The source in Beijing was also skeptical about the other defectors. The Weekend Australian reported that some 20 senior military officials had defected with Dr. Kyong, but the source said low-ranking officials and North Korean civilians had exaggerated their own importance.
China, however, was sensitive about defections through its territory of North Koreans to the United States. Identity check-ups in the northeastern region have been reinforced, the source added.
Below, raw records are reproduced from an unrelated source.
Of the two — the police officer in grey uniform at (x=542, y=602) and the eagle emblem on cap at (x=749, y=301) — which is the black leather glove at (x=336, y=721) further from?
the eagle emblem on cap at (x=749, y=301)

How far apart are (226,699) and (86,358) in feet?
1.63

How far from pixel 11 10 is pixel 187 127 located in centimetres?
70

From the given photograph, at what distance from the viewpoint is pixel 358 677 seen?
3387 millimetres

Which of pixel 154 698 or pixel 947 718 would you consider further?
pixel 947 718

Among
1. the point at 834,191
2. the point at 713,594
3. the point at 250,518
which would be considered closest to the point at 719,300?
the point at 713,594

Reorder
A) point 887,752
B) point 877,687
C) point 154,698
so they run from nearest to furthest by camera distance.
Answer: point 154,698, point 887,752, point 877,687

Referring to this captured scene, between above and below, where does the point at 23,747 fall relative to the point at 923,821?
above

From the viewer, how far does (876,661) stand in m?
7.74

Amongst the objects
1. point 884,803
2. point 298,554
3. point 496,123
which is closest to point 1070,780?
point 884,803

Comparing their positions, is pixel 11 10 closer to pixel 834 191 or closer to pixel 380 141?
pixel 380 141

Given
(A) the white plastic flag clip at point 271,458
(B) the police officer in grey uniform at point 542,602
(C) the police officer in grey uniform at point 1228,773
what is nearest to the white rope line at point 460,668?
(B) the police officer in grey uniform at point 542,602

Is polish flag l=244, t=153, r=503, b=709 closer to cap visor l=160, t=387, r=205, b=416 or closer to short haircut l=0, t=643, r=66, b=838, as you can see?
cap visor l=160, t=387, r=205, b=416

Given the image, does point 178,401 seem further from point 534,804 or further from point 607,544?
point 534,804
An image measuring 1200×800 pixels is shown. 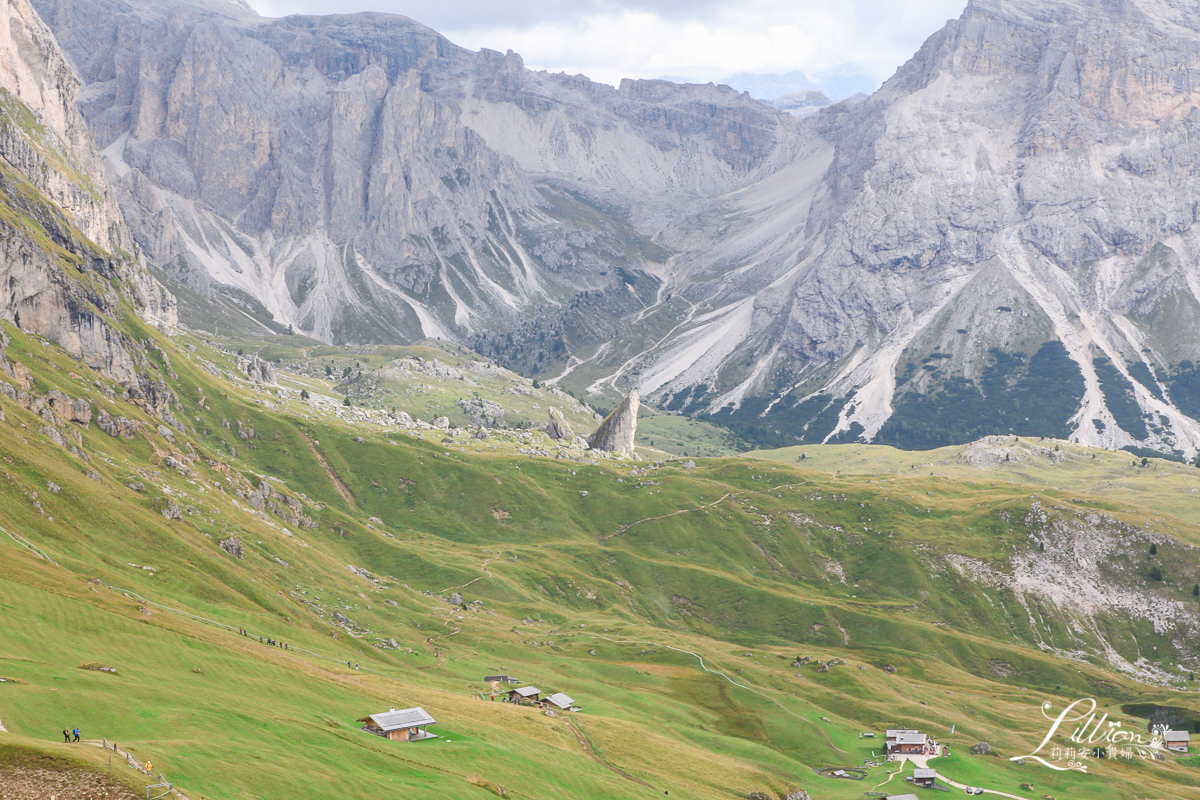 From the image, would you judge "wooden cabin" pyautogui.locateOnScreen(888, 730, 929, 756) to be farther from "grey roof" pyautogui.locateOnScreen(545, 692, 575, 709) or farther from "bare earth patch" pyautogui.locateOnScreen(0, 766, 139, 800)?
"bare earth patch" pyautogui.locateOnScreen(0, 766, 139, 800)

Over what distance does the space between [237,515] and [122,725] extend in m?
99.9

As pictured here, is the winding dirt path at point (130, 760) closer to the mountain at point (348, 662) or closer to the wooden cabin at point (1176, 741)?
the mountain at point (348, 662)

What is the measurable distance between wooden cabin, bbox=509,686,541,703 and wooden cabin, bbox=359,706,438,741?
30.1 meters

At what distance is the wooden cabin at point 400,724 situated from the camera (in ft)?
265

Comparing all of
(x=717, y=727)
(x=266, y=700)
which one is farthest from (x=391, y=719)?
(x=717, y=727)

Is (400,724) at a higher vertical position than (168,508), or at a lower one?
lower

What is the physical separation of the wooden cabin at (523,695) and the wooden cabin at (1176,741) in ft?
314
An American lawyer, identified as Philip Gagner, 53, was reported to have been deeply involved in the defections, but he was not reachable yesterday. An international law specialist at the Washington-based firm of Shaughnessy, Volzer and Gagner, Mr. Gagner was involved in negotiations between Washington and the government of Nauru. The island nation in the South Pacific reportedly provided diplomatic cover for the North Korean asylum-seekers.
The U.S. State Department declined to comment on the defections, saying that it knew about the incident only through news reports.
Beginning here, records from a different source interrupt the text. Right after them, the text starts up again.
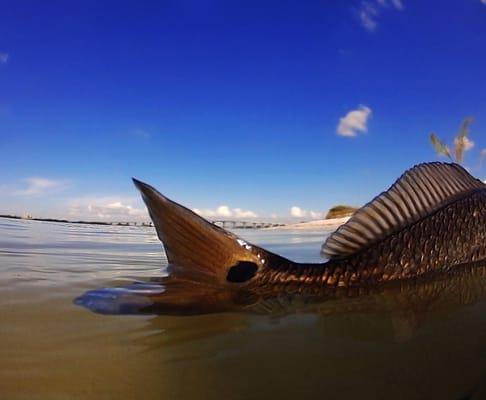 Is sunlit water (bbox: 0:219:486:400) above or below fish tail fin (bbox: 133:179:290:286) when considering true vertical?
below

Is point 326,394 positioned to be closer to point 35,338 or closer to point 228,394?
point 228,394

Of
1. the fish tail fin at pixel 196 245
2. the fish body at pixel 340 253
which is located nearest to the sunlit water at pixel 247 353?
the fish body at pixel 340 253

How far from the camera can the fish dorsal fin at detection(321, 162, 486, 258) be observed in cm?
226

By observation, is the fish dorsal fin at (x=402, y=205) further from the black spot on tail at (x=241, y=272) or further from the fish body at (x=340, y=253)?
the black spot on tail at (x=241, y=272)

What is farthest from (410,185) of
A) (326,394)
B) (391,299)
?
(326,394)

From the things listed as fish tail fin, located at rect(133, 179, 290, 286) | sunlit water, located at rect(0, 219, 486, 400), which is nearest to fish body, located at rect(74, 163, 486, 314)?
fish tail fin, located at rect(133, 179, 290, 286)

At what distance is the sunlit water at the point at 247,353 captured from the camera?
1.15 metres

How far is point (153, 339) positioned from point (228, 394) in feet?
1.44

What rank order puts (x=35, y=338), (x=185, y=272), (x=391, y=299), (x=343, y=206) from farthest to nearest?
(x=343, y=206), (x=185, y=272), (x=391, y=299), (x=35, y=338)

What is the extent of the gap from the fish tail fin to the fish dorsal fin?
0.47 metres

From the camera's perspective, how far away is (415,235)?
2283mm

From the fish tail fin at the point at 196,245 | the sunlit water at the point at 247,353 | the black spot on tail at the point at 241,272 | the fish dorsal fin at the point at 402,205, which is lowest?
the sunlit water at the point at 247,353

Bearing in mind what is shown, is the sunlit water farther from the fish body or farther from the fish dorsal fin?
the fish dorsal fin

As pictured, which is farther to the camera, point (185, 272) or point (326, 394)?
point (185, 272)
The Weekend Australian reported that 11 countries had supported the operation, but Foreign Minister Alexander Downer on Sunday denied the Australian government’s involvement. He said the defections had been arranged and carried out entirely by American and New Zealand civilians.
The New Zealand government also denied involvement in the defections, but Kinza Clodumar, a member of Nauru’s parliament, said the New Zealand government had promised to pay $1 million to induce Nauru to participate in the operations. The payment was duly remitted, Mr. Clodumar said, implying that New Zealand was a part of a multinational operation to sneak the North Koreans out of China.
Dr. Kyong settled in Chuncheon, Gangwon province, after the Korean War, sources confirmed yesterday. From 1956 to 1965 he lectured in mathematics at the then Chuncheon Agricultural College, the predecessor of Kangwon National University.
A former professor who studied mathematics with Dr. Kyong remembered the North Korean scientist as an extraordinary lecturer.
“There were rumors that his career was not going well because he had graduated from the Kim Il Sung University in the North,” the 64-year-old former professor recalled.
The university’s documents recorded that Dr. Kyong, an associate professor of statistics, left the school to study in Brazil in 1965.
Dr. Kyong reportedly worked in a nuclear-weapons program at the Los Alamos National Laboratory in New Mexico in the early 1970s and later taught at Canada’s McGill University. In about 1974, he reportedly moved to North Korea.